Una scelta alla portata di tutti

Per farlo non serve avere patrimoni milionari: secondo una recente ricerca realizzata dal Comitato Testamento Solidale fra i notai, per il 46,1% dei notai coloro che decidono di lasciare parte della propria eredità ad una causa benefica dispongono di un patrimonio nella media, frutto di una normale vita lavorativa: per un notaio su tre il valore medio del lascito solidale è inferiore ai 20mila euro e solo per uno su dieci supera i 100mila euro.

Il dilemma del dono

«Queste due vicende mi aiutano a tenere vivi (sembrerà un gioco di parole) temi del tutto particolari e a me cari: quello del dono e della successione», scrive Stefano Malfatti, fundraiser esperto di lasciti testamentari, nel suo blog. «La vicenda di Murdoch mette in luce quanto possa essere complicato determinare la destinazione del patrimonio senza influenzare il suo utilizzo. Capita anche con dei potenziali donatori che si stanno avvicinando all’opportunità di destinare parte del loro patrimonio a sostegno di cause e di organizzazioni non profit: non riescono a staccarsi completamente dall’idea di poter continuare a gestire questo patrimonio, pure post mortem. È un’idea tanto “umana” quanto lontana sia dalla realtà che dall’opportunità», riflette Malfatti.

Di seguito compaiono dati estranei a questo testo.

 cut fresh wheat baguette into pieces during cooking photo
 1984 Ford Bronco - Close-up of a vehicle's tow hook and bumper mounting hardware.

Donare è un atto che va oltre la semplice trasmissione di beni. È un gesto che riflette i valori del donatore e ha il potenziale di migliorare il mondo. Così, il vostro patrimonio non solo sarà gestito secondo le vostre volontà, ma avrà anche un impatto positivo e duraturo sulla società

Stefano Malfatti, fundraiser esperto di lasciti testamentari

Quando a “lenire” la “delusione” di Messner spendendo in hotel di lusso, «mi preme ricordare alla Bernardini De Pace il paradosso di Easterlin, un economista, detto anche paradosso della felicità», ricorda Malfatti. Easterlin ha mostrato come la felicità delle persone aumenti al crescere del reddito e del benessere economico, ma solo fino a un certo punto: poi comincia a diminuire, seguendo una curva a forma di parabola verso il basso. «Questo resta ancora oggi una chiara indicazione di come sarebbe più utile ed opportuno, per gli altri e per sé, orientarsi a donare piuttosto che a spendere (anche in alberghi di lusso). La generosità, intesa come volontà di contribuire al bene comune, è un valore che può trasformare il dono in un gesto di immensa portata. Invece di spendere tutto in alberghi di lusso, i nostri patrimoni potrebbero essere utilizzati per creare borse di studio, finanziare la costruzione di ospedali, sostenere la ricerca scientifica o promuovere l’arte e la cultura».

Donare – conclude Malfatti – «è un atto che va oltre la semplice trasmissione di beni. È un gesto che riflette i valori del donatore e ha il potenziale di migliorare il mondo. Così, il vostro patrimonio non solo sarà gestito secondo le vostre volontà, ma avrà anche un impatto positivo e duraturo sulla società».